I'd love to come over! I can bring the angled signpost DIY, if you're still doing this once you've finished the current queue lol


----------



## SarahSays (May 5, 2020)

Codes coming to more people soon. Just finishing a scheduled trade.


----------



## ataraxy (May 5, 2020)

If this is still going on I’d love to come! Happy to tip bells 

Name: Ismail
Island: Zenn-La


----------



## SarahSays (May 5, 2020)

Hi all,

I’m just finishing up the queue, then can take more! Include character and island names please!!

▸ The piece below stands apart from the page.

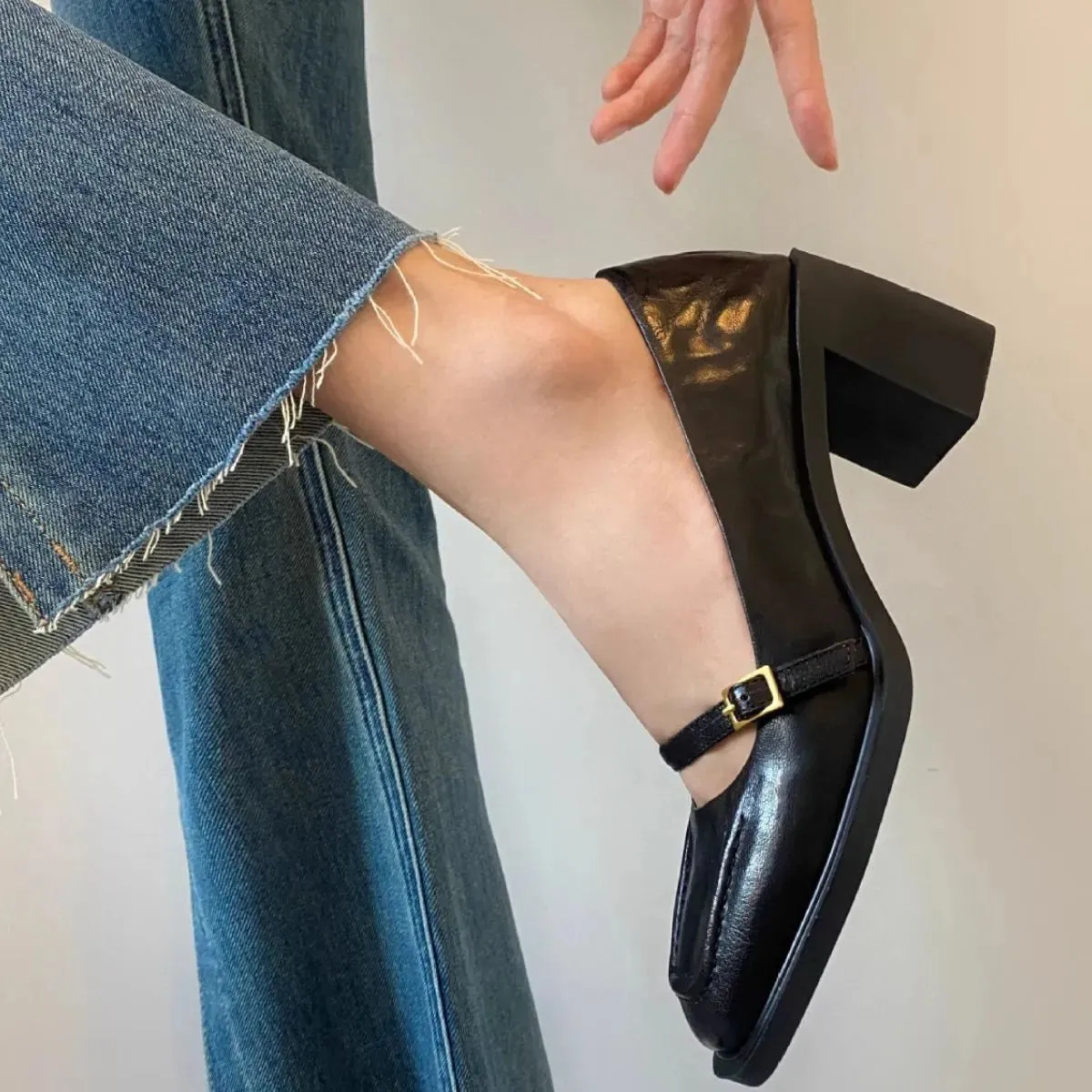 Square Toe Block Heels Pumps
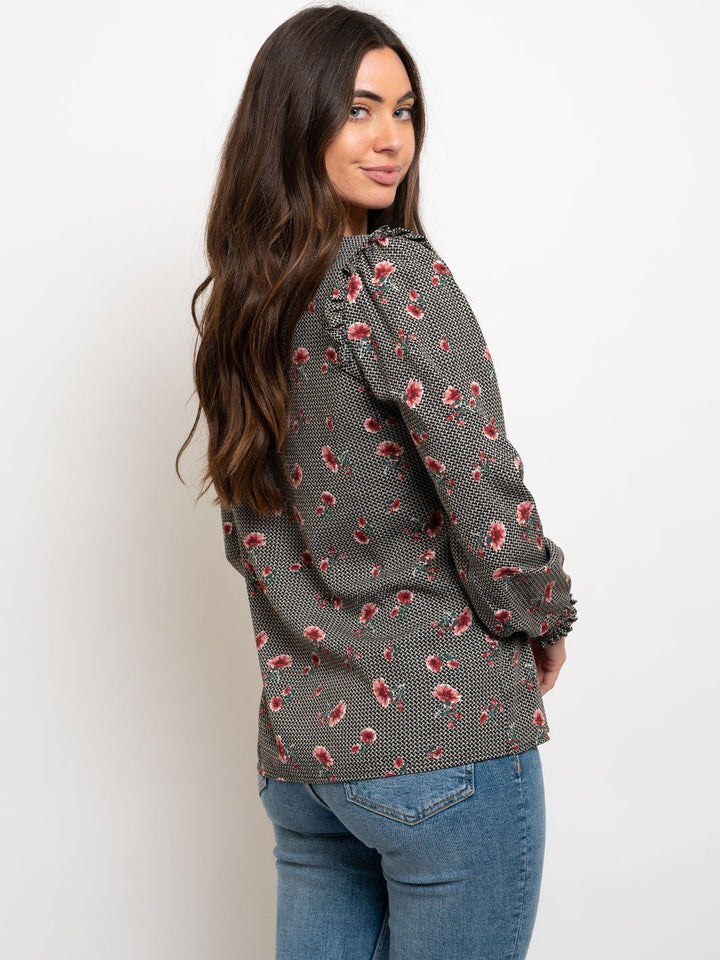 WOMEN'S LONG SLEEVE FLORAL TOP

Please wait for me near the airport. Im a noob and my island doesn’t have inclines so I’ll need to take you to her using ladders. Sorry for the inconvenience.

thanks for your patience!


----------



## Penguin style (May 5, 2020)

Hi! Is it ok if I come by too?

Name:Adélie rén
Islandryxis

	Post automatically merged: May 5, 2020

*Pryxis sorry have no idea why there was an emoji


----------



## Hikari (May 5, 2020)

Name: Jordan
Town: Timber


----------



## elo-chan (May 5, 2020)

I'd love to stop by!
Name: Vivi
Island: Rakuen

I got you a ukulele and a couple angled signposts!  ^^


----------



## SarahSays (May 5, 2020)

elo-chan said:


> I'd love to stop by!
> Name: Vivi
> Island: Rakuen
> 
> I got you a ukulele and a couple angled signposts!  ^^


Thank you! Moving more quickly. Dodo to come in a few!


----------



## jynxy87 (May 5, 2020)

I would love to stop by.
Name: Kelly
Island: Quafiki


----------



## Peace Seeker (May 5, 2020)

May I come? name: Peace


----------



## SarahSays (May 5, 2020)

Caught up - let me know if anyone else is interested  Going to be on for about 20-30 more minutes!


----------



## elo-chan (May 5, 2020)

SarahSays said:


> Caught up - let me know if anyone else is interested  Going to be on for about 20-30 more minutes!


Hiya! I never received a dodo!


----------



## SarahSays (May 5, 2020)

elo-chan said:


> Hiya! I never received a dodo!


So sorry - sent


----------



## brangein (May 5, 2020)

Hihi can I come for Sahara too, will tip bells thanks!


----------



## SarahSays (May 5, 2020)

Closing up! Thanks all


----------